Textiles provide a familiar surface and unique entry point into Jones’s work as they are everyday materials familiar to everyone. However, while their application in clothing, bedding and quilting is familiar, as are the artful and decorative prints and patterns, Jones uses solid colors in the paintings with the color and geometric shapes providing the visual and aesthetic impact in the final composition.

Last, Jones’s paintings are mostly about color, it is the first thing a viewer sees and draws them in to view the paintings closely. Jones has a firm understanding of color, both in theory and an intuitive approach to juxtaposing and leveraging color to achieve dynamic aesthetic and compositional effects. More important and relating to her subtle use of formal properties of art (line, color, shapes, composition, surface, etc.) as metaphors for contemporary social and cultural issues, colors are powerful signifiers. Colors are full of meaning on many social, cultural and political levels. They can trigger a wide range of different memories and meanings in each viewer that in turn stir different emotions and responses to each work. Color-based abstractions offer a significant opportunity and multiple points of entry into an artwork as color is very accessible to most viewers and generates a visceral response and reaction. Thus, the opportunity for engagement is very high and often rewarding for a viewer.

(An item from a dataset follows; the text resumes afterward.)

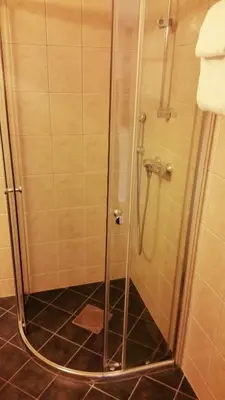 a shower with a glass door in a bathroom at Chesterfield Hotel in Trondheim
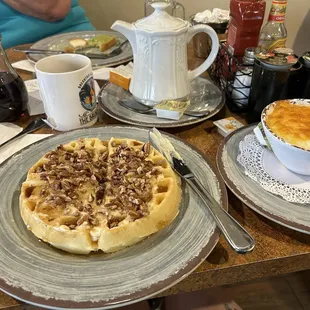Avocado Toast plate with eggs over medium cup of hot tea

While Jones is interested in the traditional methods of working with textiles, their histories, how they are handed down through each generation and how they have influenced and been influenced by feminist concerns, she has stated that she is “interested in exploring the ideas of artist as truth teller and documentarian”. Her current bodies of work on view in two concurrent solo exhibitions in Dayton, Ohio and New York City, clearly demonstrate how she has taken those traditional processes and catapulted them into contemporary politics and cultural discourse.

Heather Jones is an artist who uses abstraction and color to comment on the historical and socio-political relationship between women and textiles, and explores the relationship between gender, place, time, and culture in her work. Her practice continues the story of geometric abstraction inherent to women’s patchwork found in the Southern and Appalachian regions of the US, and her work is steeped in the history of quilt making and a vast group of unknown female makers. The subject of her work is unequivocally feminist: she chooses to work with fabric rather than paint, in reference and reverence to the fact that the fiber arts were often the only type of art that a woman was encouraged to practice for many years throughout history. Conceptually, Jones’ work carries on the tradition of woman as maker, pushes the boundary between fine art and craft, and questions the definition of painting. She documents the story of our current world, particularly the female narratives that are often neglected from history. By working with geometric compositions, Jones creates a universal visual language to tell these stories, using textiles as a reference to issues of domesticity.

Jones was selected as an artist-in-residence for Kehinde Wiley’s inaugural class at Black Rock Senegal, and worked there in October 2019. Her work has been exhibited widely at national and international venues including the Taft Museum of Art, Cincinnati, OH (solo); Iowa Quilt Museum, Winterset, IA; New England Quilt Museum, Lowell, MA; University of California, Berkley, CA; Boecker Contemporary, Heidelberg, Germany; drj- dr. julius | ap, Berlin, Germany; Five Walls, Melbourne, Australia; and M17 Contemporary Art Center, Kiev, Ukraine. Jones’ first book, Quilt Local: Finding Inspiration in the Everyday, was released in October 2015 by STC Craft, Abrams, New York.

A native of Cincinnati, Ohio, Jones studied art history at the University of Cincinnati’s College of Design, Art, Architecture, and Planning, earning both a Bachelor of Arts and Master of Arts (ABT). She currently lives outside of Cincinnati, Ohio on a small farm with her husband and two children.